[Dataset items]
[Start of Attachment]
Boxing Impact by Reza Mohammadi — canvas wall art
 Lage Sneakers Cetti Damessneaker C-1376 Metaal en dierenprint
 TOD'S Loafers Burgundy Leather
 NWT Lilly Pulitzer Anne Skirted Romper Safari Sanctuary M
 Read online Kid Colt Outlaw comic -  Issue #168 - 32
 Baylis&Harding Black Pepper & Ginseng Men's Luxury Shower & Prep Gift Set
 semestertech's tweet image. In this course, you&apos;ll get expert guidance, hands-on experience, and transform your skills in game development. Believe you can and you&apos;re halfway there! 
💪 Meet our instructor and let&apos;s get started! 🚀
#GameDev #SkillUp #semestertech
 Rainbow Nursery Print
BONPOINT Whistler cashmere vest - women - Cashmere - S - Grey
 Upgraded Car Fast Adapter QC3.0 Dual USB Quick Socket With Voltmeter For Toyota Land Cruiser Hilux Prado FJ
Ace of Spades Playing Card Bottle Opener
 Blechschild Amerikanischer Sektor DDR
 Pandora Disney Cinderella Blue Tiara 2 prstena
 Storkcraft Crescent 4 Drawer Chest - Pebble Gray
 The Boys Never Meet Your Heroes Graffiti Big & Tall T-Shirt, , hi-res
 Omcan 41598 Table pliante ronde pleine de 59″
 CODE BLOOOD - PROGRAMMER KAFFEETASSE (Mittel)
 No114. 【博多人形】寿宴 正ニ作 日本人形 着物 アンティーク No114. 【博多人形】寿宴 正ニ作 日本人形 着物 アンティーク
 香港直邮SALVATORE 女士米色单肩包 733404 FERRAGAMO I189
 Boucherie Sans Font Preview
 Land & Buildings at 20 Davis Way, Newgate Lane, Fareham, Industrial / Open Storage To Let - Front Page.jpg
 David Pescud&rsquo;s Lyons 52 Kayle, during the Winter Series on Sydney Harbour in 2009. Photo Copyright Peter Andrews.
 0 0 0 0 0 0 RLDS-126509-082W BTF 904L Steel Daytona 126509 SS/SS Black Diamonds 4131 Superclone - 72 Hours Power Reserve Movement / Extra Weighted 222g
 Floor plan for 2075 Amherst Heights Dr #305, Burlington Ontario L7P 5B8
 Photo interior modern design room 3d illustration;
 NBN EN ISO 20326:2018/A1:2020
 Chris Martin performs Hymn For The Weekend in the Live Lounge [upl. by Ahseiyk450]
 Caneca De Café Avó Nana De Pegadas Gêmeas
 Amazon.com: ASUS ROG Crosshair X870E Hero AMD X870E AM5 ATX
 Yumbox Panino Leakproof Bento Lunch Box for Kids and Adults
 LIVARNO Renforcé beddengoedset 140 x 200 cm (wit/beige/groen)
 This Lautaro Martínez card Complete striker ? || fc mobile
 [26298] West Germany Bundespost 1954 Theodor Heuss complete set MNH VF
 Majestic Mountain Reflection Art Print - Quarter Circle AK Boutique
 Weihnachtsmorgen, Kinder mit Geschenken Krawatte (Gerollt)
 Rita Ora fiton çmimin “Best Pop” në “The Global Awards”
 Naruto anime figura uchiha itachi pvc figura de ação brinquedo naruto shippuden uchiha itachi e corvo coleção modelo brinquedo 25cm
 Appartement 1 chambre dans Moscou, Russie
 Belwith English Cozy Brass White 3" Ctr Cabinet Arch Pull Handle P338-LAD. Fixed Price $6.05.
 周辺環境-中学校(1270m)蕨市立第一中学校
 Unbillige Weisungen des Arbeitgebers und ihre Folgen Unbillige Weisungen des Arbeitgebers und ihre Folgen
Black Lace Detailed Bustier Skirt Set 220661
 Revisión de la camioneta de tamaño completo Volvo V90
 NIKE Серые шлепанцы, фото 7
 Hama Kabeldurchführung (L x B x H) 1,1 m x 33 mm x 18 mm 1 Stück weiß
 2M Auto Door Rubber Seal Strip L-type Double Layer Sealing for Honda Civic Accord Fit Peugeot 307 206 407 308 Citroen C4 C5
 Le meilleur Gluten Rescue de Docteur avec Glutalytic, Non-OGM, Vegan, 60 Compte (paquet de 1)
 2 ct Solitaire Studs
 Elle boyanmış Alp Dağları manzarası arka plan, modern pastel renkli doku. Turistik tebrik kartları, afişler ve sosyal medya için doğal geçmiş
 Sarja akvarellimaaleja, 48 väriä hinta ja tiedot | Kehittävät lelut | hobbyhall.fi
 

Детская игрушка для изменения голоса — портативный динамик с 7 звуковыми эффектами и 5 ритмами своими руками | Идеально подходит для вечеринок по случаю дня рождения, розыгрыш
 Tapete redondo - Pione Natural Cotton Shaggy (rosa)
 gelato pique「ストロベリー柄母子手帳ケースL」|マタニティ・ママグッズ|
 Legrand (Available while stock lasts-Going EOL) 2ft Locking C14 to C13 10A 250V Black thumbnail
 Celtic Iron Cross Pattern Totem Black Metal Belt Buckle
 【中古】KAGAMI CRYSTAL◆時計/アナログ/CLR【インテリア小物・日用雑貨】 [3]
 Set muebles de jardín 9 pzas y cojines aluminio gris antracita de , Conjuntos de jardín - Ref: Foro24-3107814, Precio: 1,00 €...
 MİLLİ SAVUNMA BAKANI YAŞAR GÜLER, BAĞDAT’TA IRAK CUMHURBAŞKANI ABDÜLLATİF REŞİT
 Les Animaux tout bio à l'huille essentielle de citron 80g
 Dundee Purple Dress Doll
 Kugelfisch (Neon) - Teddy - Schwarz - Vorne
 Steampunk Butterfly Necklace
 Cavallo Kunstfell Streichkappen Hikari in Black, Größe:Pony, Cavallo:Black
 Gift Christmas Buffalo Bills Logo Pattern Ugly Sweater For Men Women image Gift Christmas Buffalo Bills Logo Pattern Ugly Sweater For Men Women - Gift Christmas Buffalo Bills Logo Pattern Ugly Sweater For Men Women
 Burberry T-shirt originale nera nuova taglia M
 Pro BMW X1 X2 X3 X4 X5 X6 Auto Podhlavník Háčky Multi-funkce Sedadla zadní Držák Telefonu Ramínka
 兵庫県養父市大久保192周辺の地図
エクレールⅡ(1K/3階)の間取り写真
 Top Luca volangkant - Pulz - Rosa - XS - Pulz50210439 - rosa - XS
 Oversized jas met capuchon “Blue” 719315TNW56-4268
[End of Attachment]
## [What is needed]
Each entry is to be written out exactly as it was given.

## [Reply]
Boxing Impact by Reza Mohammadi — canvas wall art
 Lage Sneakers Cetti Damessneaker C-1376 Metaal en dierenprint
 TOD'S Loafers Burgundy Leather
 NWT Lilly Pulitzer Anne Skirted Romper Safari Sanctuary M
 Read online Kid Colt Outlaw comic -  Issue #168 - 32
 Baylis&Harding Black Pepper & Ginseng Men's Luxury Shower & Prep Gift Set
 semestertech's tweet image. In this course, you&apos;ll get expert guidance, hands-on experience, and transform your skills in game development. Believe you can and you&apos;re halfway there! 
💪 Meet our instructor and let&apos;s get started! 🚀
#GameDev #SkillUp #semestertech
 Rainbow Nursery Print
BONPOINT Whistler cashmere vest - women - Cashmere - S - Grey
 Upgraded Car Fast Adapter QC3.0 Dual USB Quick Socket With Voltmeter For Toyota Land Cruiser Hilux Prado FJ
Ace of Spades Playing Card Bottle Opener
 Blechschild Amerikanischer Sektor DDR
 Pandora Disney Cinderella Blue Tiara 2 prstena
 Storkcraft Crescent 4 Drawer Chest - Pebble Gray
 The Boys Never Meet Your Heroes Graffiti Big & Tall T-Shirt, , hi-res
 Omcan 41598 Table pliante ronde pleine de 59″
 CODE BLOOOD - PROGRAMMER KAFFEETASSE (Mittel)
 No114. 【博多人形】寿宴 正ニ作 日本人形 着物 アンティーク No114. 【博多人形】寿宴 正ニ作 日本人形 着物 アンティーク
 香港直邮SALVATORE 女士米色单肩包 733404 FERRAGAMO I189
 Boucherie Sans Font Preview
 Land & Buildings at 20 Davis Way, Newgate Lane, Fareham, Industrial / Open Storage To Let - Front Page.jpg
 David Pescud&rsquo;s Lyons 52 Kayle, during the Winter Series on Sydney Harbour in 2009. Photo Copyright Peter Andrews.
 0 0 0 0 0 0 RLDS-126509-082W BTF 904L Steel Daytona 126509 SS/SS Black Diamonds 4131 Superclone - 72 Hours Power Reserve Movement / Extra Weighted 222g
 Floor plan for 2075 Amherst Heights Dr #305, Burlington Ontario L7P 5B8
 Photo interior modern design room 3d illustration;
 NBN EN ISO 20326:2018/A1:2020
 Chris Martin performs Hymn For The Weekend in the Live Lounge [upl. by Ahseiyk450]
 Caneca De Café Avó Nana De Pegadas Gêmeas
 Amazon.com: ASUS ROG Crosshair X870E Hero AMD X870E AM5 ATX
 Yumbox Panino Leakproof Bento Lunch Box for Kids and Adults
 LIVARNO Renforcé beddengoedset 140 x 200 cm (wit/beige/groen)
 This Lautaro Martínez card Complete striker ? || fc mobile
 [26298] West Germany Bundespost 1954 Theodor Heuss complete set MNH VF
 Majestic Mountain Reflection Art Print - Quarter Circle AK Boutique
 Weihnachtsmorgen, Kinder mit Geschenken Krawatte (Gerollt)
 Rita Ora fiton çmimin “Best Pop” në “The Global Awards”
 Naruto anime figura uchiha itachi pvc figura de ação brinquedo naruto shippuden uchiha itachi e corvo coleção modelo brinquedo 25cm
 Appartement 1 chambre dans Moscou, Russie
 Belwith English Cozy Brass White 3" Ctr Cabinet Arch Pull Handle P338-LAD. Fixed Price $6.05.
 周辺環境-中学校(1270m)蕨市立第一中学校
 Unbillige Weisungen des Arbeitgebers und ihre Folgen Unbillige Weisungen des Arbeitgebers und ihre Folgen
Black Lace Detailed Bustier Skirt Set 220661
 Revisión de la camioneta de tamaño completo Volvo V90
 NIKE Серые шлепанцы, фото 7
 Hama Kabeldurchführung (L x B x H) 1,1 m x 33 mm x 18 mm 1 Stück weiß
 2M Auto Door Rubber Seal Strip L-type Double Layer Sealing for Honda Civic Accord Fit Peugeot 307 206 407 308 Citroen C4 C5
 Le meilleur Gluten Rescue de Docteur avec Glutalytic, Non-OGM, Vegan, 60 Compte (paquet de 1)
 2 ct Solitaire Studs
 Elle boyanmış Alp Dağları manzarası arka plan, modern pastel renkli doku. Turistik tebrik kartları, afişler ve sosyal medya için doğal geçmiş
 Sarja akvarellimaaleja, 48 väriä hinta ja tiedot | Kehittävät lelut | hobbyhall.fi
 

Детская игрушка для изменения голоса — портативный динамик с 7 звуковыми эффектами и 5 ритмами своими руками | Идеально подходит для вечеринок по случаю дня рождения, розыгрыш
 Tapete redondo - Pione Natural Cotton Shaggy (rosa)
 gelato pique「ストロベリー柄母子手帳ケースL」|マタニティ・ママグッズ|
 Legrand (Available while stock lasts-Going EOL) 2ft Locking C14 to C13 10A 250V Black thumbnail
 Celtic Iron Cross Pattern Totem Black Metal Belt Buckle
 【中古】KAGAMI CRYSTAL◆時計/アナログ/CLR【インテリア小物・日用雑貨】 [3]
 Set muebles de jardín 9 pzas y cojines aluminio gris antracita de , Conjuntos de jardín - Ref: Foro24-3107814, Precio: 1,00 €...
 MİLLİ SAVUNMA BAKANI YAŞAR GÜLER, BAĞDAT’TA IRAK CUMHURBAŞKANI ABDÜLLATİF REŞİT
 Les Animaux tout bio à l'huille essentielle de citron 80g
 Dundee Purple Dress Doll
 Kugelfisch (Neon) - Teddy - Schwarz - Vorne
 Steampunk Butterfly Necklace
 Cavallo Kunstfell Streichkappen Hikari in Black, Größe:Pony, Cavallo:Black
 Gift Christmas Buffalo Bills Logo Pattern Ugly Sweater For Men Women image Gift Christmas Buffalo Bills Logo Pattern Ugly Sweater For Men Women - Gift Christmas Buffalo Bills Logo Pattern Ugly Sweater For Men Women
 Burberry T-shirt originale nera nuova taglia M
 Pro BMW X1 X2 X3 X4 X5 X6 Auto Podhlavník Háčky Multi-funkce Sedadla zadní Držák Telefonu Ramínka
 兵庫県養父市大久保192周辺の地図
エクレールⅡ(1K/3階)の間取り写真
 Top Luca volangkant - Pulz - Rosa - XS - Pulz50210439 - rosa - XS
 Oversized jas met capuchon “Blue” 719315TNW56-4268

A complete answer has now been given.